Habits of Grace: Meeting Jesus

Episcopal Church Office of Public Affairs
Posted Apr 28, 2020

Editor’s note: Presiding Bishop Michael Curry is offering Habits of Grace, a weekly meditation to help Episcopalians cope during the COVID-19 pandemic. 

“As we learn how to adjust our lives given the reality of the coronavirus and the request to do our part to slow its spread by practicing physical distancing, I invite you to join me each week to take a moment to cultivate a ‘habit of grace.’ A new video meditation will be posted on Mondays through May.” — Presiding Bishop Michael Curry

April 28, 2020:  Meeting Jesus

There’s an interesting pattern in some of the stories of the resurrection. In Luke 24, for example, some of the followers of Jesus are traveling from Jerusalem itself to the small village of Emmaus a few miles down the road. A stranger comes up to them, walks with them and carries on a conversation with them and all along, the stranger was Jesus raised from the dead. They didn’t recognize him. They didn’t see that it was Jesus until, as the Bible says, their eyes were open as if they turned and actually saw him in the breaking of the bread and saw him alive.

A similar thing happened to Mary Magdalene in the 20th chapter of John’s Gospel, where she is frantically running around looking for his body, and she comes up to someone she mistakes for the gardener in the cemetery. It’s actually Jesus raised from the dead. But again, she doesn’t recognize him until he speaks, “Mary,” the way he always said it and he says though she stopped, and you know how we say did a double take, turned and saw that it was Jesus and cried out, “Rabboni!” That pattern may well be reminding us who hear those stories generations after it all happened that the risen Christ, that the Lord Jesus, that our God, is actually walking with us even when we cannot see, feel or sense his presence. Sometimes we just have to stop, be still, and turn and behold.

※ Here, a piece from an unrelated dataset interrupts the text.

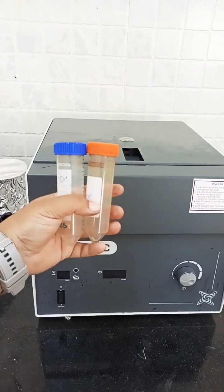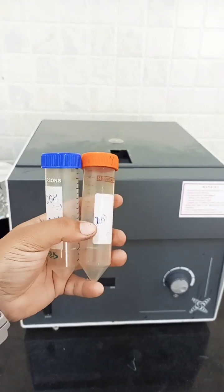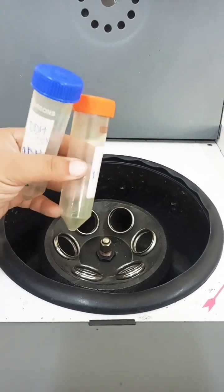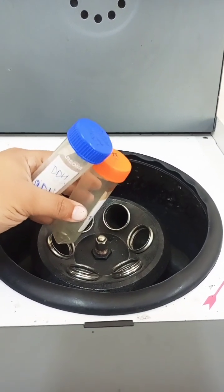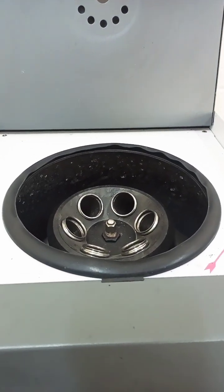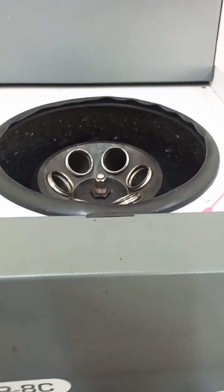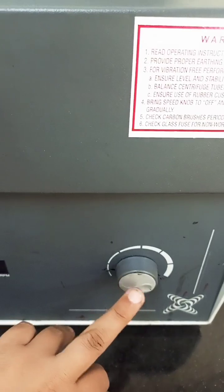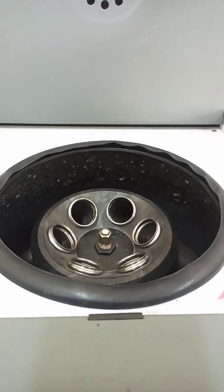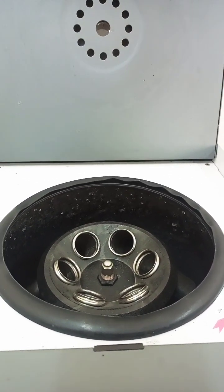These are the kinds of tubes which are usually placed into the centrifuge machine. We fill our solution into these tubes and they get fitted into the machine. The machine is then allowed to rotate at high RPM. It has a knob from where we can set the RPM and also set the timer — for how long we want to rotate our solution.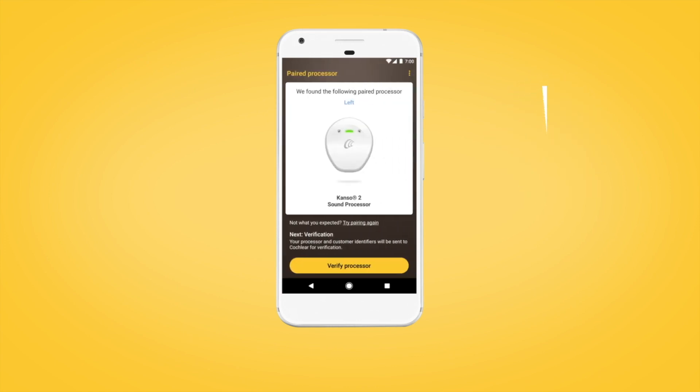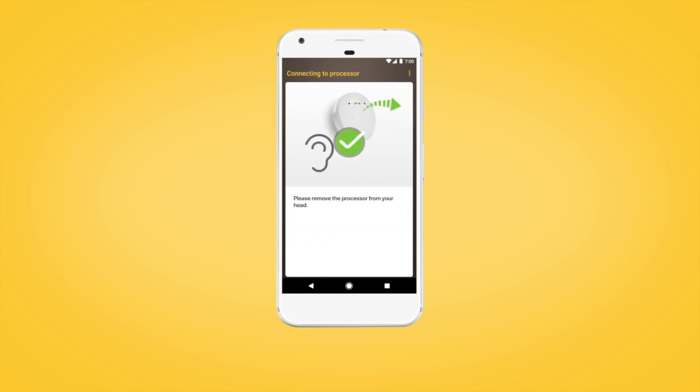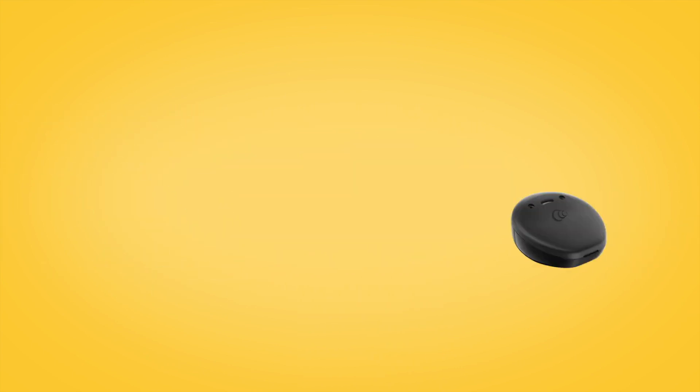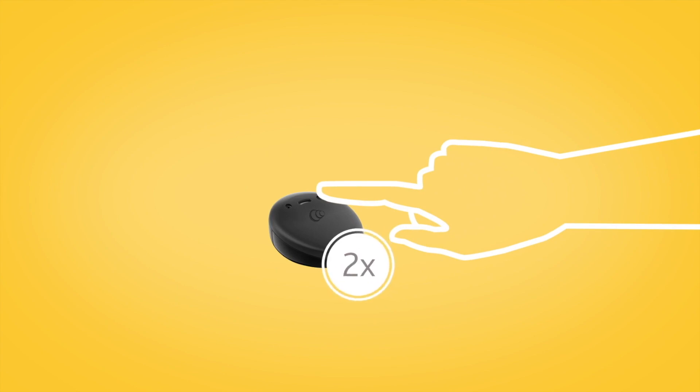The next step is to verify your sound processor. Tap Continue, then remove your sound processor from your head. Briefly press the button on your Nucleus 7 sound processor, or if you have a Kanso 2 sound processor, tap it twice.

Psalm 46 says, “God is our refuge and strength, a very present help in trouble. . . Though the mountains be toppled into the midst of the sea, God is our stronghold.”

Be still and know that I am God.

In a prayer in our prayer book, says much the same thing:

Oh God of peace who has taught us that in returning and rest we shall be saved in quietness and in confidence shall be our strength. By the might of thy spirit, lift us we pray thee to thy presence where we may be still and know that thou art God through Jesus Christ our Lord. Amen.

Jesus said at the end of Matthew’s Gospel, at the end of the messages about the resurrection, “I will be with you always, even to the end of the age.”

God love you, God bless you and may God hold us all in those almighty hands of love.